Le 01-août-05, à 03:18, [EMAIL PROTECTED] (Colin Hales) a écrit :


Reality vs perception of reality? I vote we work really hard on the latter and drop all ascription in relation to the former. A significant dose of humility indeed.


I don't think "objective reality" can be perceived (only subjective reality can be perceived). Nevertheless, "objective reality" is an ideal we should always tend to. I agree very much with your intuition of the importance of humility, but then you talk as if someone has given a convincing argument of the existence of a natural world. You should give the reference :). With the comp assumption, in particular, there is no "natural world", just a web of numbers' dream (to be short). Matter emerges from the fact that numbers' dreams overlap in some non trivial way. Of course there could be, perhaps, a natural world (and comp is false, thus). I respect that belief very much, but it is a highly non trivial assumption.

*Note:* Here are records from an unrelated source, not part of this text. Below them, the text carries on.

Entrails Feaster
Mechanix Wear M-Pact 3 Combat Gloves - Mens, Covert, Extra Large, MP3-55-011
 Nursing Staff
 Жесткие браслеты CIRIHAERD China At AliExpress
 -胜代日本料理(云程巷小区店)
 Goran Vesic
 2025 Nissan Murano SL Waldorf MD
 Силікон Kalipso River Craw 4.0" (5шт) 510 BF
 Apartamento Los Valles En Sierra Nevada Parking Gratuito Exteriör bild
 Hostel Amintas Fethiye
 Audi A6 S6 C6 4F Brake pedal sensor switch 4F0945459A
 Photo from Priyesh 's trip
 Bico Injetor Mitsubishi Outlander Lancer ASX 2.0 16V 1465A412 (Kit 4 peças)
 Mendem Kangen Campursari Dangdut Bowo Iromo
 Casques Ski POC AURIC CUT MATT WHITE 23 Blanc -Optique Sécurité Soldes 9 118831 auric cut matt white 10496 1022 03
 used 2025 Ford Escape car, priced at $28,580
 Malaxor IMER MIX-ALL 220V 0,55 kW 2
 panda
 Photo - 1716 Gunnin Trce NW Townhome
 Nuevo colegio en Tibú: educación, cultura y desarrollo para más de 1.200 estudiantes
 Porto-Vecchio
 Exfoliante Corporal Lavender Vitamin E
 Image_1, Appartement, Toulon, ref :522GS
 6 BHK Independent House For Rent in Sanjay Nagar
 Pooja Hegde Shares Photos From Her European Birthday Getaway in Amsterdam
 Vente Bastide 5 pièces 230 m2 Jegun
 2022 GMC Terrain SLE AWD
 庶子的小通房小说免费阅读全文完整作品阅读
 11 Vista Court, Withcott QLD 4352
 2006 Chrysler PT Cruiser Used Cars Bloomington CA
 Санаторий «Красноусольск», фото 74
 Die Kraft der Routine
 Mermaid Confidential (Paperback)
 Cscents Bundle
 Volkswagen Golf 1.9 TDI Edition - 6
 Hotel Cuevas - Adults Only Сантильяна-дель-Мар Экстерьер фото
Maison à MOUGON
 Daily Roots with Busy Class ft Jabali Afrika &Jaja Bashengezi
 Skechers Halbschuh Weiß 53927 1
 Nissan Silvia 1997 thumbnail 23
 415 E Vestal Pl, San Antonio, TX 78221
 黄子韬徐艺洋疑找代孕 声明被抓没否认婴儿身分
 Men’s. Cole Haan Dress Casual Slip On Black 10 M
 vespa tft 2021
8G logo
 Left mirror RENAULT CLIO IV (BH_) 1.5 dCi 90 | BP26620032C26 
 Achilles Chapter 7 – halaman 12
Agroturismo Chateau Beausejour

I can understand the recent irritation of Brent Meeker, because, although your critics of the current average science practice seems to me well-founded, you are not clear on your assumptions and you seem to fall in the very trap you describe so well. Actually, with comp, many things you say seem coherent if you substitute "natural world" by "arithmetical truth". Remember that Godel has shown there is no way to build a complete "model" of it. With Godel we have reasons to believe we are very ignorant, and with comp (+ godel) we have justifiable reasons to believe it is necessary like that. You should appreciate Godel's and Lob's theorem because it justifies the humility you defend so well. Lob's formula is often interpreted as a modesty formula.